Records for the exercise START

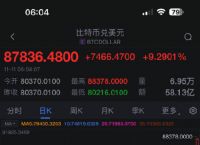 比特币历史价格走势图k线,比特币历史价格走势图2021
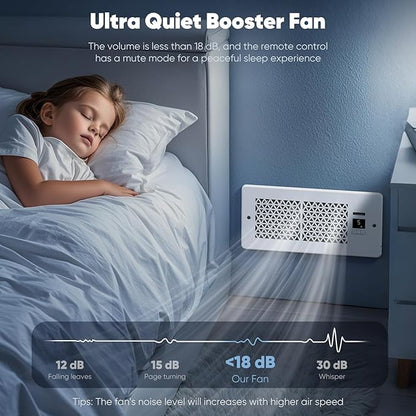 Register Booster Fan for 4" x 10" Register Holes - Image 6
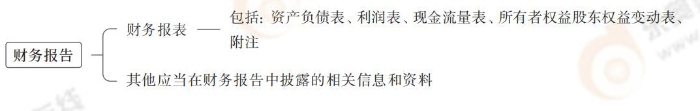 財務報告
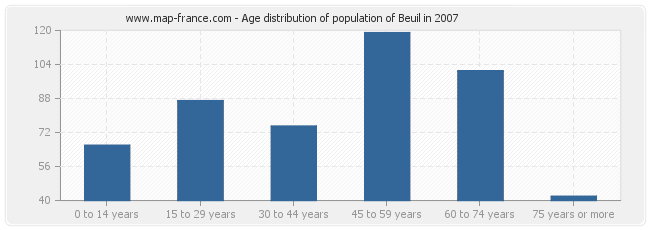 Age distribution of population of Beuil in 2007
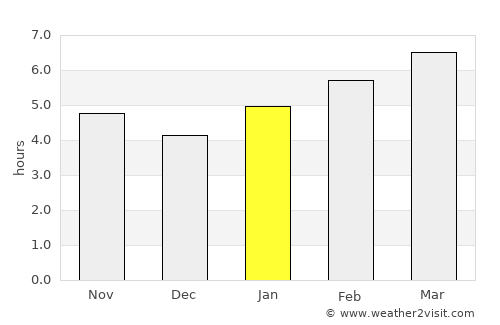 Bloomfield average rain in January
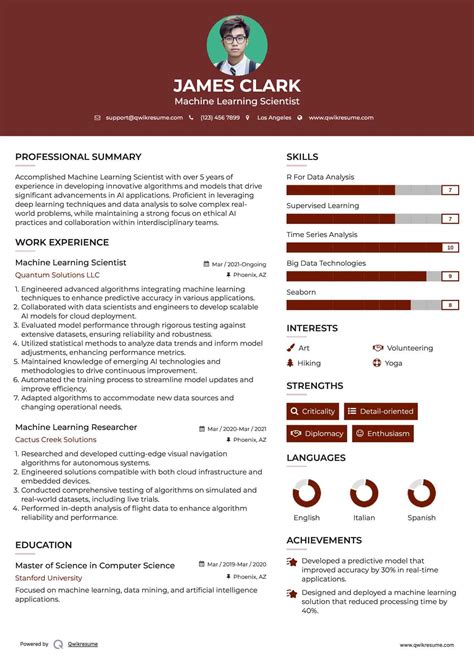 Machine Learning Researcher に対する画像結果
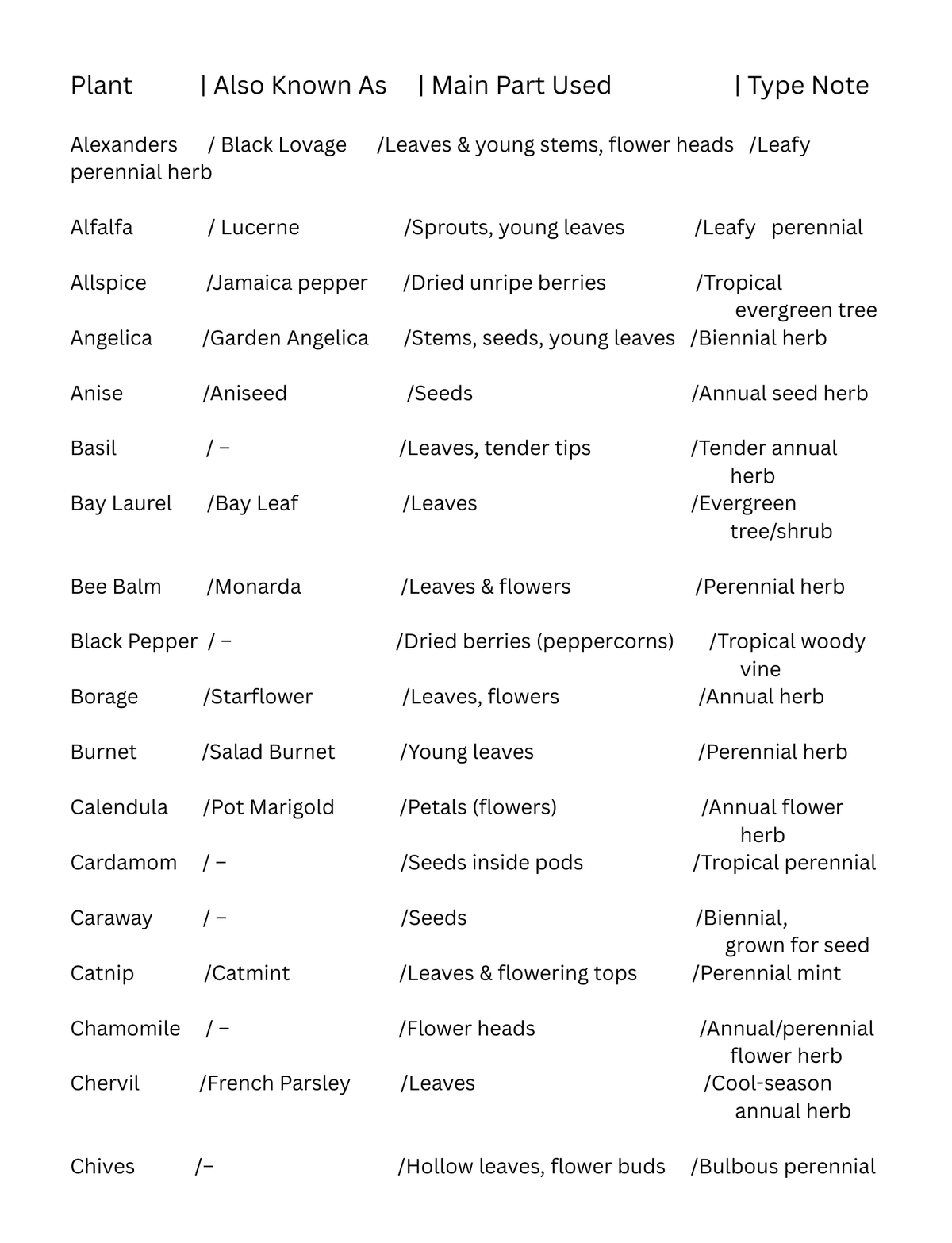 A Home Gardener’s Spice Companion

Records for the exercise END

**What is needed**
Without copying any images, transcribe the records exactly as they stand.

**Exercise result**
 比特币历史价格走势图k线,比特币历史价格走势图2021
 Register Booster Fan for 4" x 10" Register Holes - Image 6
 財務報告
 Age distribution of population of Beuil in 2007
 Bloomfield average rain in January
 Machine Learning Researcher に対する画像結果
 A Home Gardener’s Spice Companion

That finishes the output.